WORK ORDER:
Repeat everything from the first line of the listing below through the line that contains "Glass Soap Dispenser", exactly. Leave out pictures.

SOURCE MATERIAL:
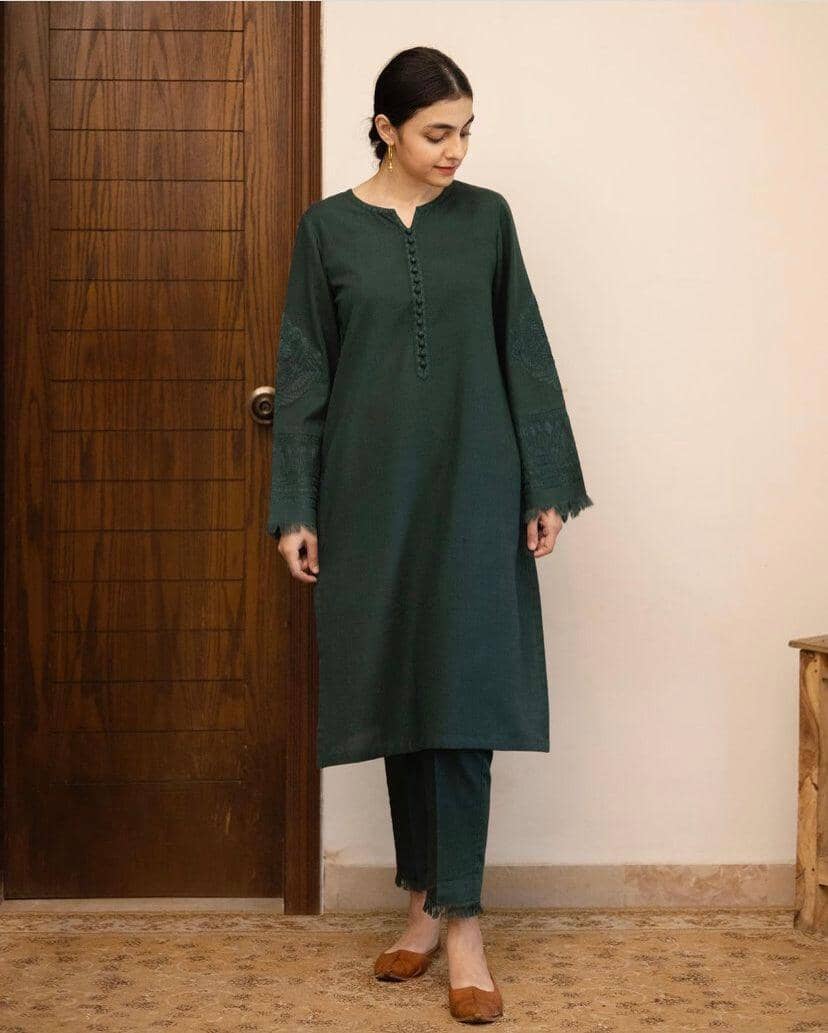 Bottle Green | 2-Piece-Stitched. GAROOR 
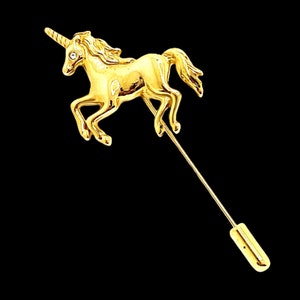 Vintage Unicorn Stick Pin Gold Tone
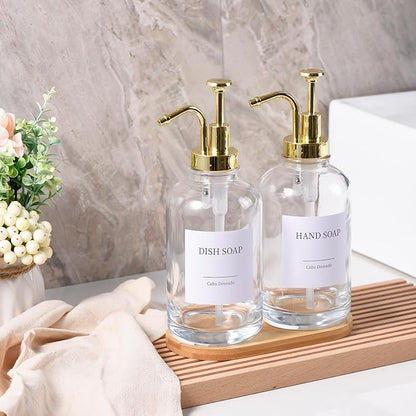 Glass Soap Dispenser with Pump, Dish and Hand Soap Dispenser for Kitchen Bathroom Set, Clear Glass Dispenser Set of 2 Pack with 18 Stickers Funnel Bamboo Tray 500ml 18oz / Each Bottle Gold Pump - Image 2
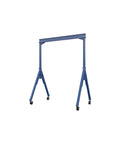 Adjustable Height Steel Gantry Crane Featuring 6000 Pound Capacity, blue steel frame, phenolic caster wheels, shop use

RESULT FOR THIS EXERCISE:
 Bottle Green | 2-Piece-Stitched. GAROOR 
 Vintage Unicorn Stick Pin Gold Tone
 Glass Soap Dispenser with Pump, Dish and Hand Soap Dispenser for Kitchen Bathroom Set, Clear Glass Dispenser Set of 2 Pack with 18 Stickers Funnel Bamboo Tray 500ml 18oz / Each Bottle Gold Pump - Image 2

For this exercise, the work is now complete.